YOUR OBJECTIVE
From the data below, repeat exactly the lines from the line with "64 Cápsulas Caffe" to the line with "Iconikal 2-Sided Manicure", both included.

GIVEN RECORDS
>>

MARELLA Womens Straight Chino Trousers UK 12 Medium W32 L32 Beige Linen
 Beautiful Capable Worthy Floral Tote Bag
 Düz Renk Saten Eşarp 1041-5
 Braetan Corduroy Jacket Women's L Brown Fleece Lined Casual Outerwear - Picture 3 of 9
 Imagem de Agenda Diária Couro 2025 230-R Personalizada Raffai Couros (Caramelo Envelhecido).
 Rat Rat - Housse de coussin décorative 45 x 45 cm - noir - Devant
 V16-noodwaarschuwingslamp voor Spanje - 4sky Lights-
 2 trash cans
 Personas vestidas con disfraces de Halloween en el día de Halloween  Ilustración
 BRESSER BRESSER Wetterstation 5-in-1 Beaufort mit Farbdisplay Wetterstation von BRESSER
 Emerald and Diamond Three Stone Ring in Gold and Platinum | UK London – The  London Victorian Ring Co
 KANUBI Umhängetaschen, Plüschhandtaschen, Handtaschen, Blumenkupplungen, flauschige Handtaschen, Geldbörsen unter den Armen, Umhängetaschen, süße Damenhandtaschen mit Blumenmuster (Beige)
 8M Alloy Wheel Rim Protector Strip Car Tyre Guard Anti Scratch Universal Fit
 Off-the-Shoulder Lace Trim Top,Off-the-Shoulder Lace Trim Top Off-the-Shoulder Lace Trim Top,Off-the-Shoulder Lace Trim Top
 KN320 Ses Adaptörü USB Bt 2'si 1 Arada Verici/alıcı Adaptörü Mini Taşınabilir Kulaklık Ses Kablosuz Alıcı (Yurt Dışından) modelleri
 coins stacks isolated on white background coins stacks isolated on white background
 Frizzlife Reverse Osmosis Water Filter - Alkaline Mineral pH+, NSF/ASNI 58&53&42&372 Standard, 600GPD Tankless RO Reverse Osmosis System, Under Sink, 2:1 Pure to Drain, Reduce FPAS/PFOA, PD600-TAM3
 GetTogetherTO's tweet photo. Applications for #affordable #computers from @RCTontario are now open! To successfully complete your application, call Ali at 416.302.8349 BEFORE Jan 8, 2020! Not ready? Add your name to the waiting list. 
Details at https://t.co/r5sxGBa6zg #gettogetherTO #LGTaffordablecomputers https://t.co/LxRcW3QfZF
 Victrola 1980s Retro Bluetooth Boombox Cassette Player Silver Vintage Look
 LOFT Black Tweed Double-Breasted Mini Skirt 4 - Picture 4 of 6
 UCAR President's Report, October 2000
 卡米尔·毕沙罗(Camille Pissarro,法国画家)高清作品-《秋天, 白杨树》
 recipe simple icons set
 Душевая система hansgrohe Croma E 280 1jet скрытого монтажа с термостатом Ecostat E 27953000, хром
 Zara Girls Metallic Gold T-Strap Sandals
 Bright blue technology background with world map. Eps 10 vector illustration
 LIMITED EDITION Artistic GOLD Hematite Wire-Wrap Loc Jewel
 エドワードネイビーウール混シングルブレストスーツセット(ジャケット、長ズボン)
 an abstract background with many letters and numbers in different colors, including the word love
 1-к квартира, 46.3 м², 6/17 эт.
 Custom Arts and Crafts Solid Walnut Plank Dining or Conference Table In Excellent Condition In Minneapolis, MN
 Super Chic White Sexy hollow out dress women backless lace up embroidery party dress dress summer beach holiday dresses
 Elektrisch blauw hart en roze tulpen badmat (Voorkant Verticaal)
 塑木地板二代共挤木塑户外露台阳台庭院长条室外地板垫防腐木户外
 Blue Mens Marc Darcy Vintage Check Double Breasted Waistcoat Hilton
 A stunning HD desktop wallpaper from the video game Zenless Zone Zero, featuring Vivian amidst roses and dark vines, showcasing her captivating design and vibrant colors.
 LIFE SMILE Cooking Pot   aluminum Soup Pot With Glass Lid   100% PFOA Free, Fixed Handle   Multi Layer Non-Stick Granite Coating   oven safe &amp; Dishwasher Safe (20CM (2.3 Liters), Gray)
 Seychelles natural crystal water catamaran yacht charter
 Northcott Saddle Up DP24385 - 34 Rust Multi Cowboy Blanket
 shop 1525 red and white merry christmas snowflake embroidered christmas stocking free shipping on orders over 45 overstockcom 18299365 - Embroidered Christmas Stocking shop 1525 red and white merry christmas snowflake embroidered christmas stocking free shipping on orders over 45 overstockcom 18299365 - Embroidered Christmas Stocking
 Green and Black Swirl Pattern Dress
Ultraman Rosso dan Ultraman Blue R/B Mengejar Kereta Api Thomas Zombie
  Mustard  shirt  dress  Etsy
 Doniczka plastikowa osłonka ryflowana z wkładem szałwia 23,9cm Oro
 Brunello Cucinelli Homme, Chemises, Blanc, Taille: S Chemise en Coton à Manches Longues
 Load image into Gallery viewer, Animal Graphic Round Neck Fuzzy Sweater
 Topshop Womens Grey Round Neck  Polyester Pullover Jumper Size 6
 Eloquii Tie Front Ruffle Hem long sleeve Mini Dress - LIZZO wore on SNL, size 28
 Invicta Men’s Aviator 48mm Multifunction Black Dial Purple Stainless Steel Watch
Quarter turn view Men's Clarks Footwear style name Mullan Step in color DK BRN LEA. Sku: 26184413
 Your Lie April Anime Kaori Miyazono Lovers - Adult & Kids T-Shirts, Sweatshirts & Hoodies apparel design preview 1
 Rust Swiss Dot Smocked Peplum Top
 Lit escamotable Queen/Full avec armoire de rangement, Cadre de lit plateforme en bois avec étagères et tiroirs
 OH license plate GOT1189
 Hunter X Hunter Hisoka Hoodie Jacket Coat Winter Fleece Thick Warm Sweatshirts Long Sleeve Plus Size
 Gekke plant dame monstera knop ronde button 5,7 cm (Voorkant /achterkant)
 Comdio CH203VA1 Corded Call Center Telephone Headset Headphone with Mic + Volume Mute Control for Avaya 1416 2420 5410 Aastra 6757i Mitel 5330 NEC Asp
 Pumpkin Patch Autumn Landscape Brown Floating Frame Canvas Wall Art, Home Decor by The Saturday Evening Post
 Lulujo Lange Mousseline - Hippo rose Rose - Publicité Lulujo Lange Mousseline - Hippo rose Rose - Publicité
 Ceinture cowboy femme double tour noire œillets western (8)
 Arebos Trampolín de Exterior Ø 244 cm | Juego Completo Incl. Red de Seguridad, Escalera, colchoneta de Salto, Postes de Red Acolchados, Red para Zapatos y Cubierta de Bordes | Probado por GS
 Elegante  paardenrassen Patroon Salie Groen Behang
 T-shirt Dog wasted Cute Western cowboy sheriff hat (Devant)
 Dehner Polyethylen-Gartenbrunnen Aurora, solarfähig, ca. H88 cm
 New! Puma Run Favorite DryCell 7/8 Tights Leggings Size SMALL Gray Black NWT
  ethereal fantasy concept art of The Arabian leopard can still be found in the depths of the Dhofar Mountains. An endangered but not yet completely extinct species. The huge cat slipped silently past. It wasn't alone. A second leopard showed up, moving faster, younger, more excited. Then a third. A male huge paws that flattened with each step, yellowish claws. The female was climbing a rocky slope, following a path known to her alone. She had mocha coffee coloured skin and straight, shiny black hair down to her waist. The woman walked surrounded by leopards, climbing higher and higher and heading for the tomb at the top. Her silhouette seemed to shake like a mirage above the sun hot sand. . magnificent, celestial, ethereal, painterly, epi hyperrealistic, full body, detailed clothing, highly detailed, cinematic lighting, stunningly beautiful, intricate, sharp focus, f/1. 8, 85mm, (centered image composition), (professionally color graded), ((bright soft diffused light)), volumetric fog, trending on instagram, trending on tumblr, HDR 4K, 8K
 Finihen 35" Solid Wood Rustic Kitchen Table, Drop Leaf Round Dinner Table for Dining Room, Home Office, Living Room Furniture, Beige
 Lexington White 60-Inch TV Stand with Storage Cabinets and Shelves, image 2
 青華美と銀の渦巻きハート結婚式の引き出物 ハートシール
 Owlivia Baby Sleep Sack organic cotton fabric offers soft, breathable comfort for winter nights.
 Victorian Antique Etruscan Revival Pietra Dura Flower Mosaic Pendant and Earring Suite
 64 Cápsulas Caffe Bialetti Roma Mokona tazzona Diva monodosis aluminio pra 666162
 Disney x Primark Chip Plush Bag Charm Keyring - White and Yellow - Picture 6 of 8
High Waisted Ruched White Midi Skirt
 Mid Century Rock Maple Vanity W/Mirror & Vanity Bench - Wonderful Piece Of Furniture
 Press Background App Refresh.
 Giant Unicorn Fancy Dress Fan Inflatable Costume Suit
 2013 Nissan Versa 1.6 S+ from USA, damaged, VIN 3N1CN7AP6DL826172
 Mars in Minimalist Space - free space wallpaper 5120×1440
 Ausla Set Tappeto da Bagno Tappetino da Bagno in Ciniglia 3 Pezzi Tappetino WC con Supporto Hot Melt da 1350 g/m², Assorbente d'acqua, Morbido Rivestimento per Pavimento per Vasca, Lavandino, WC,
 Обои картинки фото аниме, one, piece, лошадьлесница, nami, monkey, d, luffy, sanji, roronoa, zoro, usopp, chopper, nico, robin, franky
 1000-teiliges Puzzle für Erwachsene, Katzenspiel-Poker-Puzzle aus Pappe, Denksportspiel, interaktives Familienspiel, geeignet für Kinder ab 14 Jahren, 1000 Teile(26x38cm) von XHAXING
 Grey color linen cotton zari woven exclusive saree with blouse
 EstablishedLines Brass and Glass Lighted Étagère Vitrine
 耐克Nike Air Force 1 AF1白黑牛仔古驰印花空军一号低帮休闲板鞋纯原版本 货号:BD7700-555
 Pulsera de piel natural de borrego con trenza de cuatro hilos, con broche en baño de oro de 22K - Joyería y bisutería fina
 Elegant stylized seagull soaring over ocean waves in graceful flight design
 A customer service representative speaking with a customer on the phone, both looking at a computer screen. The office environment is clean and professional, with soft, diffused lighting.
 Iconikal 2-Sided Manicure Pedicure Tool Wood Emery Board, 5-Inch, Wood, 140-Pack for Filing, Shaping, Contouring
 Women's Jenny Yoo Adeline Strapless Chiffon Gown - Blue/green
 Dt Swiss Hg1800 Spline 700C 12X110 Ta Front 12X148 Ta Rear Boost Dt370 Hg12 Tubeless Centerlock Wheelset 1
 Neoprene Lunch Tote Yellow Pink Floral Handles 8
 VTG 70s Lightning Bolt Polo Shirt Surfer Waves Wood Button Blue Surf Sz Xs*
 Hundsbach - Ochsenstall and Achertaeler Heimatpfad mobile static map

<<

WRITTEN SOLUTION
 64 Cápsulas Caffe Bialetti Roma Mokona tazzona Diva monodosis aluminio pra 666162
 Disney x Primark Chip Plush Bag Charm Keyring - White and Yellow - Picture 6 of 8
High Waisted Ruched White Midi Skirt
 Mid Century Rock Maple Vanity W/Mirror & Vanity Bench - Wonderful Piece Of Furniture
 Press Background App Refresh.
 Giant Unicorn Fancy Dress Fan Inflatable Costume Suit
 2013 Nissan Versa 1.6 S+ from USA, damaged, VIN 3N1CN7AP6DL826172
 Mars in Minimalist Space - free space wallpaper 5120×1440
 Ausla Set Tappeto da Bagno Tappetino da Bagno in Ciniglia 3 Pezzi Tappetino WC con Supporto Hot Melt da 1350 g/m², Assorbente d'acqua, Morbido Rivestimento per Pavimento per Vasca, Lavandino, WC,
 Обои картинки фото аниме, one, piece, лошадьлесница, nami, monkey, d, luffy, sanji, roronoa, zoro, usopp, chopper, nico, robin, franky
 1000-teiliges Puzzle für Erwachsene, Katzenspiel-Poker-Puzzle aus Pappe, Denksportspiel, interaktives Familienspiel, geeignet für Kinder ab 14 Jahren, 1000 Teile(26x38cm) von XHAXING
 Grey color linen cotton zari woven exclusive saree with blouse
 EstablishedLines Brass and Glass Lighted Étagère Vitrine
 耐克Nike Air Force 1 AF1白黑牛仔古驰印花空军一号低帮休闲板鞋纯原版本 货号:BD7700-555
 Pulsera de piel natural de borrego con trenza de cuatro hilos, con broche en baño de oro de 22K - Joyería y bisutería fina
 Elegant stylized seagull soaring over ocean waves in graceful flight design
 A customer service representative speaking with a customer on the phone, both looking at a computer screen. The office environment is clean and professional, with soft, diffused lighting.
 Iconikal 2-Sided Manicure Pedicure Tool Wood Emery Board, 5-Inch, Wood, 140-Pack for Filing, Shaping, Contouring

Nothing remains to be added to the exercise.